▶

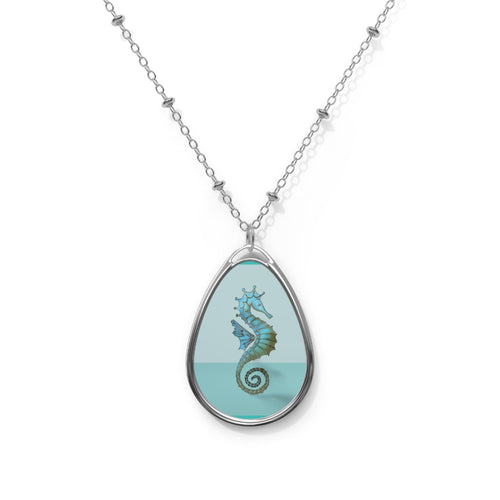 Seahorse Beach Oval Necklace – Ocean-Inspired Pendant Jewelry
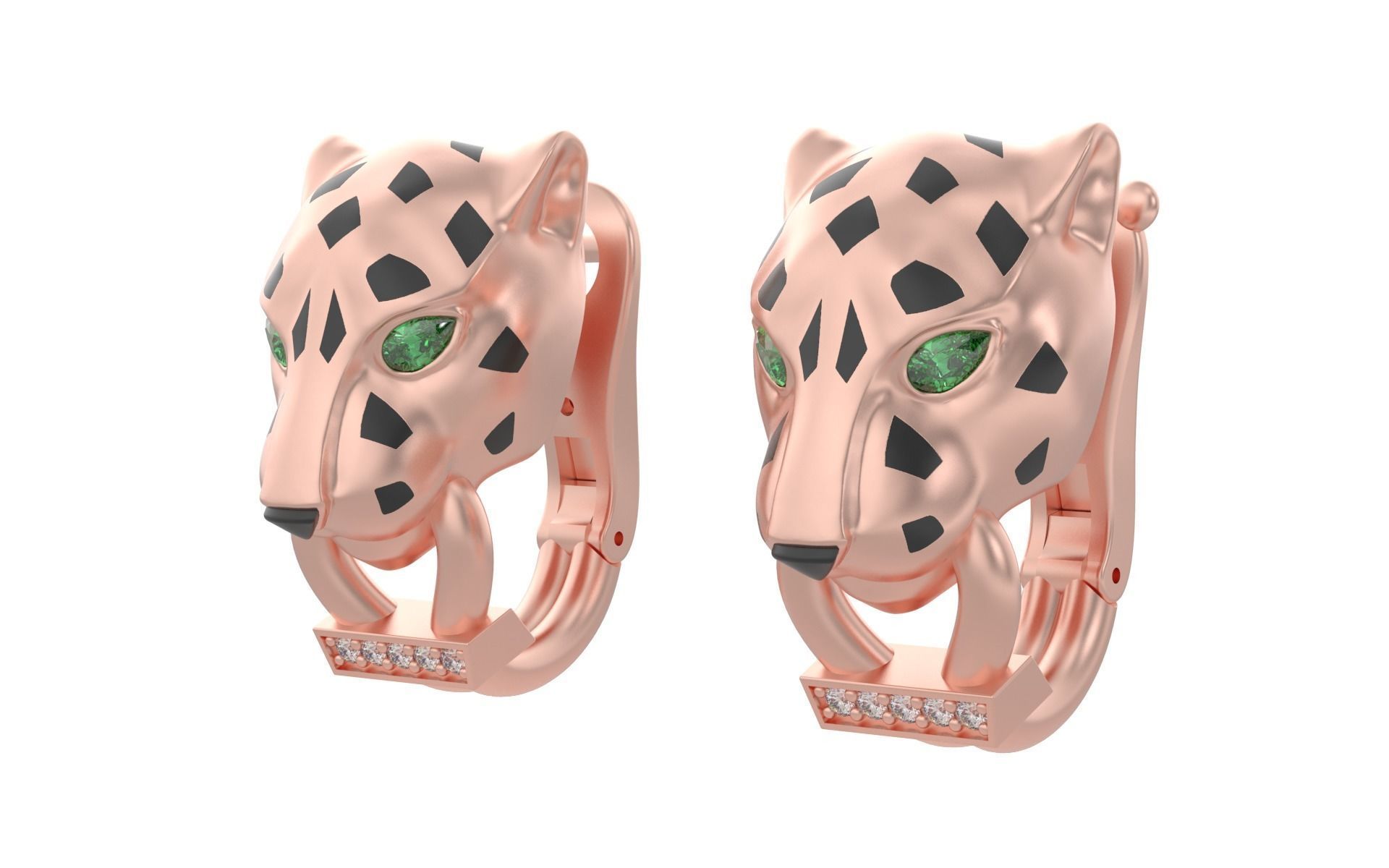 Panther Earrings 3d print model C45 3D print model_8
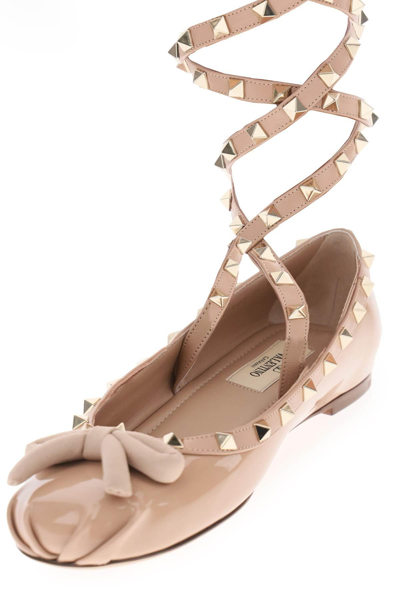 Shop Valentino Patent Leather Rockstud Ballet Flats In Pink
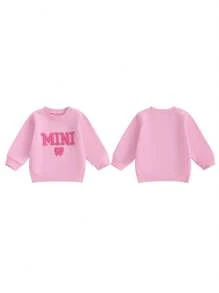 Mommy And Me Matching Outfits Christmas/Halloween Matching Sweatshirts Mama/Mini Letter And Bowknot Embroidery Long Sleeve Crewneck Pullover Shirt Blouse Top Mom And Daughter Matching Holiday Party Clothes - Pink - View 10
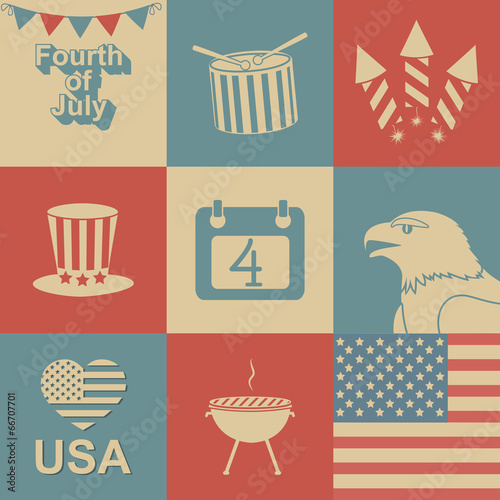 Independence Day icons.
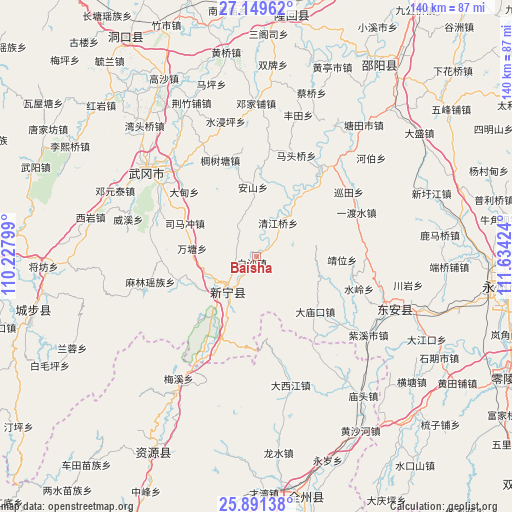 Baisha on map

◀
▶

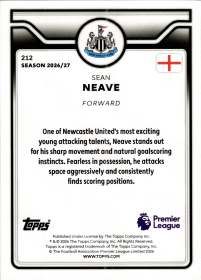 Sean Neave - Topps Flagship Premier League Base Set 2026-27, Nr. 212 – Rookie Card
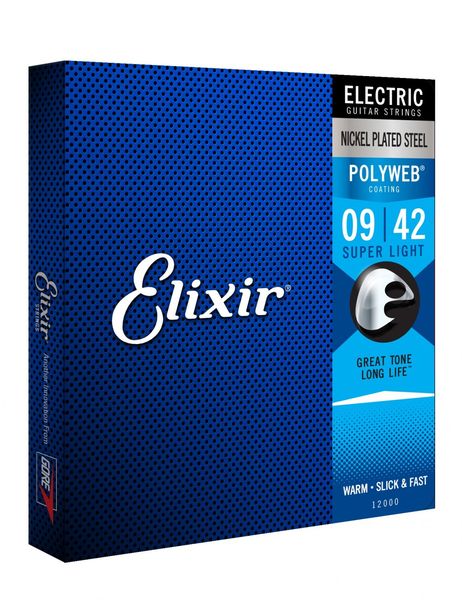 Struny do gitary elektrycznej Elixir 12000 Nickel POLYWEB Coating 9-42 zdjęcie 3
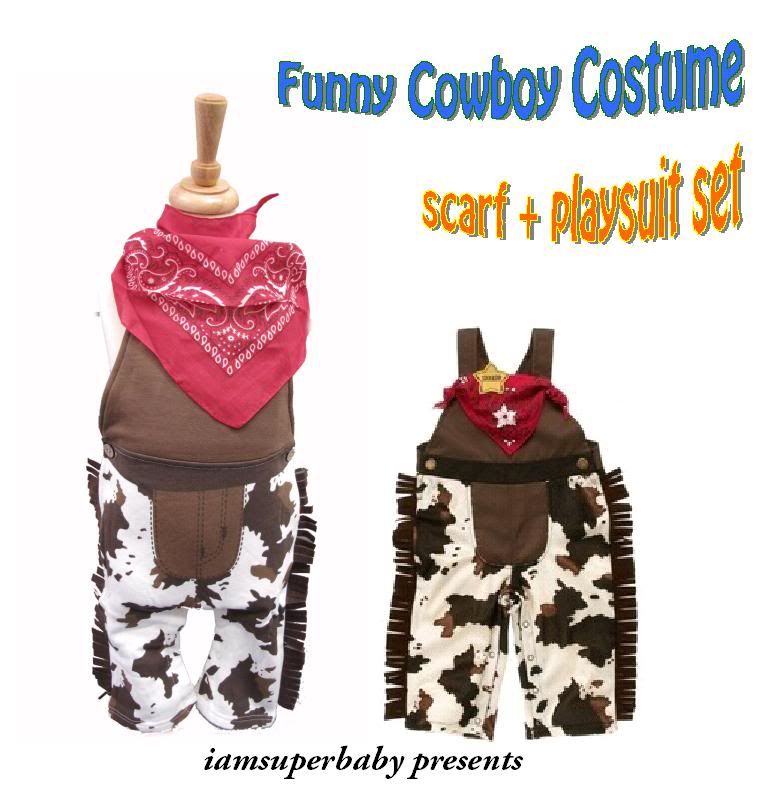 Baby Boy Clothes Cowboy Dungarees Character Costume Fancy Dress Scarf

◀

* **WORK REQUIRED**
Reproduce the entries exactly, from the line with "Struny do gitary" to the line with "Baby Boy Clothes", both lines included, keeping no pictures.

* **COMPLETED EXERCISE**
 Struny do gitary elektrycznej Elixir 12000 Nickel POLYWEB Coating 9-42 zdjęcie 3
 Baby Boy Clothes Cowboy Dungarees Character Costume Fancy Dress Scarf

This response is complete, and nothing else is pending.